Tomorrow I get back in the swimming pool. I’m starting to feel a little better but I’ve cancelled several nights out. I also have a burst blood vessel in one eye that’s making me look frankly horrific. Oh, and bruises up both arms and hands from where 2 doctors failed to get blood from me until they resorted to a baby needle!

So I’m a bit shock up. And still waiting for a formal diagnosis. But I’m being very well taken care of, both at home and at the hospital. My GP has been outstanding – 3 visits in 3 days. Now I just need to get my mind back to a happy, productive place – this post is part of that process. This is a warning shot. Time to listen.


7 thoughts on “Bat Fit Update: Irregular Rhythm

  1. Sorry to hear all about the crappy health problems, hun. I love reading more about the amazing care you had from some of the wonderful hard-working NHS staff. Don’t worry about cancelling meeting up, if your feeling ill there’s nothing worse . Hopefully, we’ll rearrange another time.

  2. How scary, and NOT in a good way! I’m SO glad you are doing better, and that your healthcare team was/is so awesome. That’s what REAL healthcare is all about. You are very wise to choose to lose the extra pounds and give up things like wine that are or may be causing problems. Better safe than sorry! You’re much too young to take up permanent residence in a crypt.

    Please do keep us informed how how things are going, and I will be sending positive energy and thoughts your way, as well as to any helpful spirits that might be listening.

    • Thanks lovely. I still have a splendidly red eyeball and my first follow up appointment is on Monday at the ‘elderly medicine’ clinic at my local hospital, which is a pretty good little hospital. Let the games commence..

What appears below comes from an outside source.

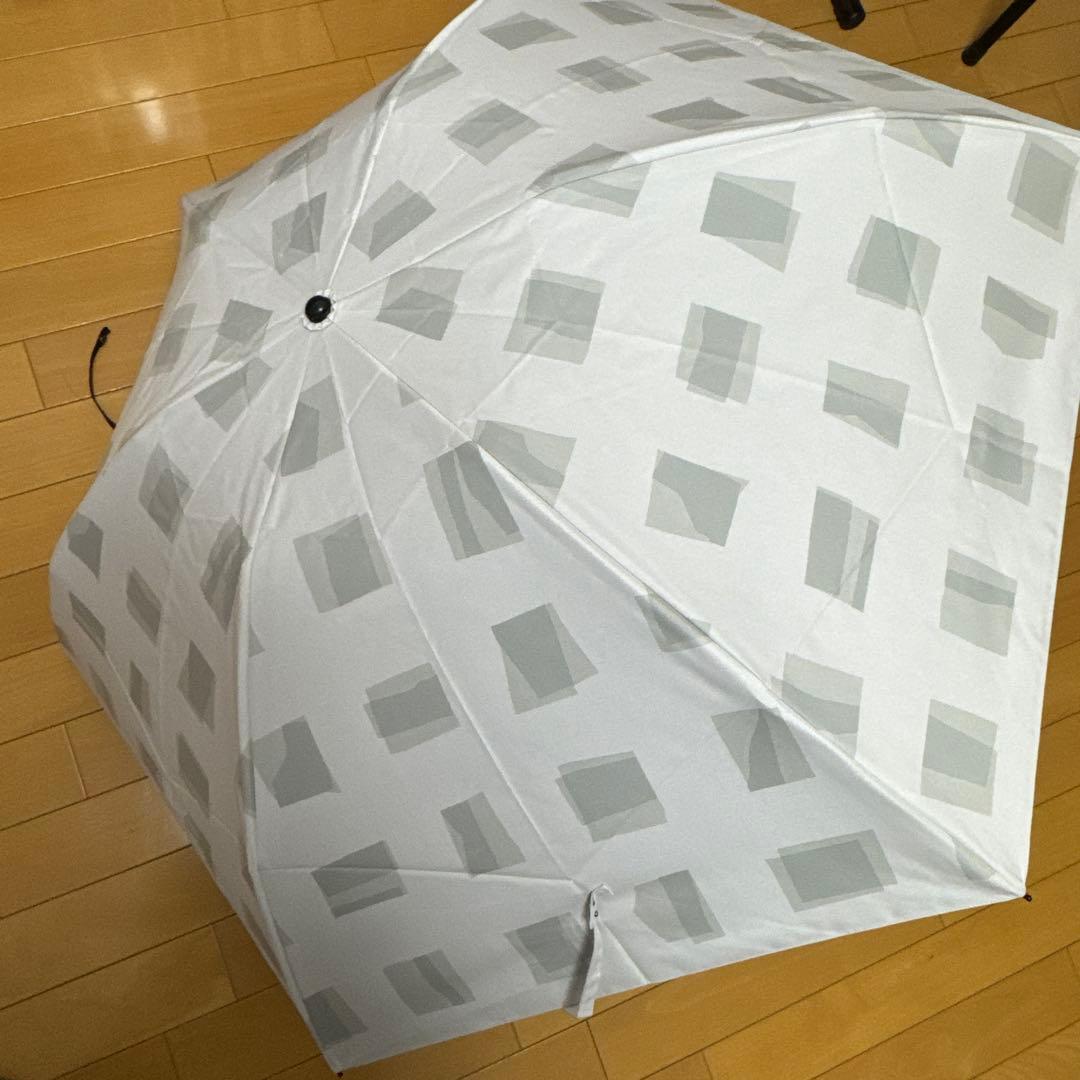 サンバリア100 折りたたみ日傘 ３段折 / キューブ(グレー)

      • Good luck at your followup appointment. “Elderly medicine” clinic??? I hope it’s the age of the people and NOT the age of the medications you’re referring to!!! 😛

        Too bad it’s not closer to Hallowe’en so you could take advantage of that scary eyeball, hehehe…

  3. I will be thinking of you and hoping for all to go well! People seem so shocked by those that don’t drink. I don’t drink at all, my stomach can’t handle it and it’d probably mess with my meds, too. Good luck!